Designing and testing Money 2000

Designing Money 2000 using the inductive navigation model led the team to question designs that had been in the product for a long time. Because the model's principles are simple, it was easy to adopt the model in the design process and stay with it. In the end, the designers believe the model helped them make better designs than they could have produced without it.

Clearer titles and designs

The designers of Money 2000 noticed that they would often describe features using words that didn't actually appear on the screen. In the IUI model, screens should explain themselves. For example, the team explained that the screen labeled "Payment Calendar" was meant for paying bills. In Money 2000, that screen is called "Pay Bills". All elements that are not related to that purpose have been moved to subsidiary screens, resulting in a clearer design.

Another example involves a screen called "Online Financial Services Manager." The team struggled to come up with a simple explanation of this screen's purpose. When they could not arrive at one, they removed this screen and distributed its features among more logically defined pages.

Helping new designers

The team found it easy to teach IUI design techniques to new, inexperienced software designers. The techniques allowed designers at all experience levels to evaluate their designs by using screen titles as a test of clarity. When forced to put a clear and concise title on a poorly designed screen, designers quickly recognized that no title was good enough for the page. They realized that the problem lied not in choosing words for a title, but rather in a flawed screen design. With this understanding, they could then redesign the screen to support a clearer user interaction and, therefore, a clearer title.

Including writers

As the design progressed, the team realized that documentation writers and editors should be involved in coming up with screen titles because their expertise included choosing words.
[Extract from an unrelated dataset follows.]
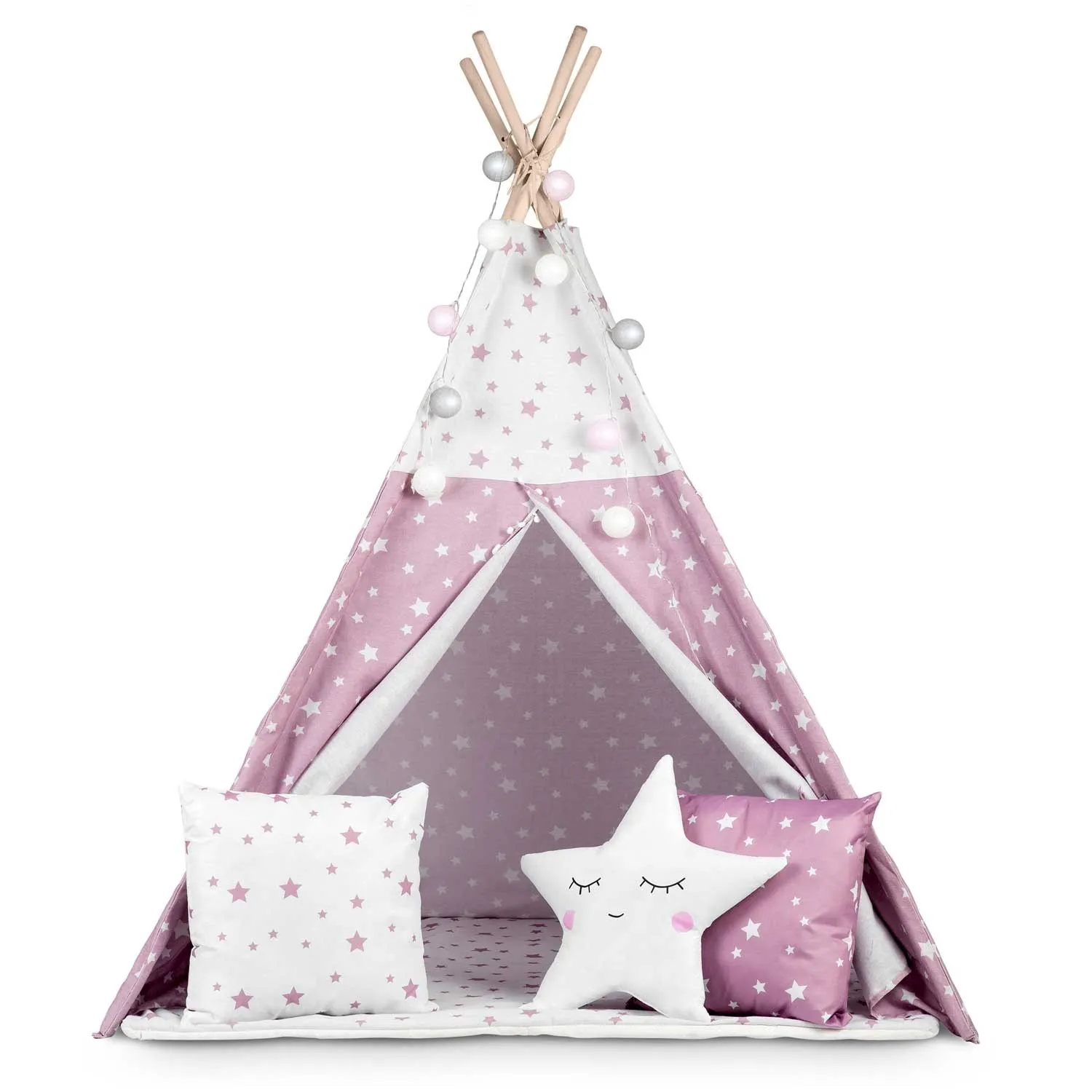 nukido teepee šator za djecu s svjetlima -bijelo rozi - slika 5
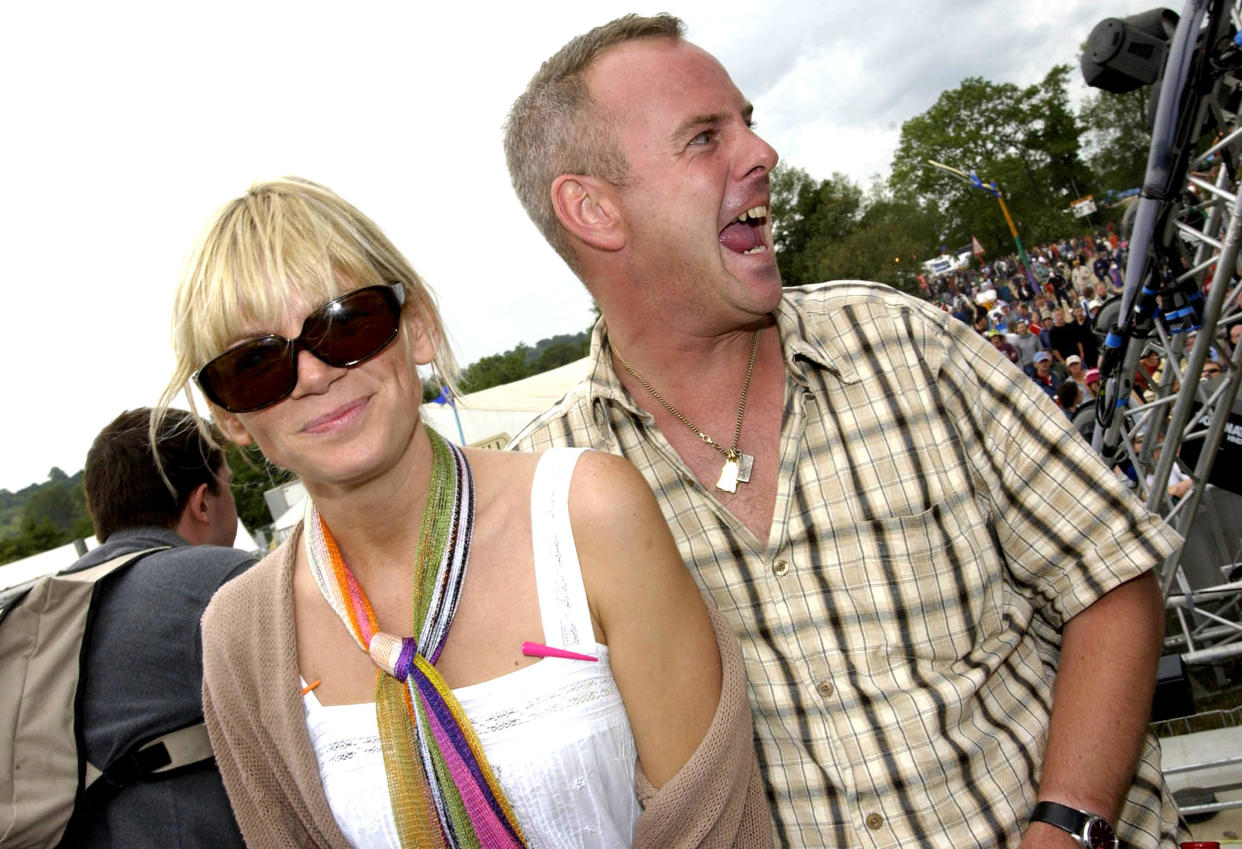 Zoe Ball and husband Norman Cook, aka Fatboy Slim during 2002 Glastonbury Music Festival - June 28-30, 2002 at Worthy Farm in Pilton, Somerset, Great Britain. (Photo by Jon Furniss/WireImage)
Writers were limited in their ability to pick good titles in previous releases because they were only involved at a late stage. Screens were typically given temporary working titles by designers or programmers. These titles were used until late in the product cycle when writers were asked to come up with final screen titles. At that point, it was too late to rework poorly designed screens that resisted effective titles.

In contrast, the Money 2000 team involved writers at the earliest stages of the design process. This brought valuable input on screen titles when it could still help the design. If a screen was too complex to permit a clear title, the writers could suggest the page be redesigned.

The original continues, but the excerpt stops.